Over in the boxing arena, Amanda Serrano picked up her second win over Heather Hardy after dominating “The Heat” in their championship rematch (video here). But the fight that stole the show was the Paul vs. Diaz main event.
Diaz was making his pro boxing debut after finally getting the UFC shackles off him, taking on a social media influencer who was slowly turning into a legitimate boxer while also making business waves in all aspects of the combat sports world.
After a slow start, Diaz started to find his groove and began scoring some points against Paul, the more accomplished boxer of the two. Despite landing some decent shots and winning a round or two, the fight belonged to Paul from the onset, who floored the Stockton slugger halfway through the fight.
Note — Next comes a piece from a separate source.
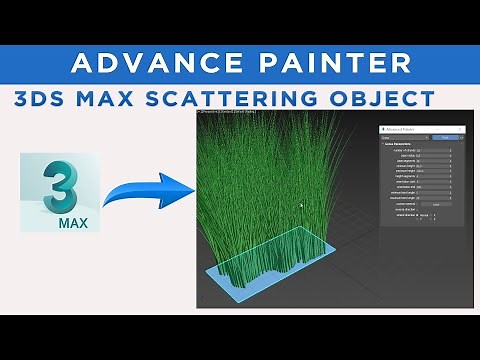 Advance Painter Scattering Object 3ds Max Script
But the contest also showed why Diaz is so beloved by his fan base. He takes a licking and keeps on ticking and believe it or not, he’s a showman inside the ring. Their pay-per-view (PPV) showcase also revealed something more important: Diaz isn’t that great of a boxer.
As tough as it is to hear for some of you, it’s the truth.
His style was unorthodox, he lacks power, he leaves himself open for big shots and — as durable as he is — makes little effort to preserve his long-term health. Despite all that, his toughness allowed him to weather the storm and make it all 10 rounds. While he didn’t get the win, Diaz once again raised his stock after the fight.
Now that Diaz is no longer under contract with UFC, he has the freedom to do what he chooses with his career. He currently has a $10 million offer on the table to run it back against Paul in a MMA cage, a potential fight that heavily favors Diaz.
But something tells me that won’t be happening anytime soon.
Diaz, 38, can always look for another boxing payday, but who can he face that will draw the same attention as he did with Paul? The Stockton slugger did proclaim that he would return to the Octagon once he settled his business with “The Problem Child,” but if he does, the promotion will likely want to lock him down with another “dirty” contract, which means no more boxing fights and definitely no PFL scrap against Paul.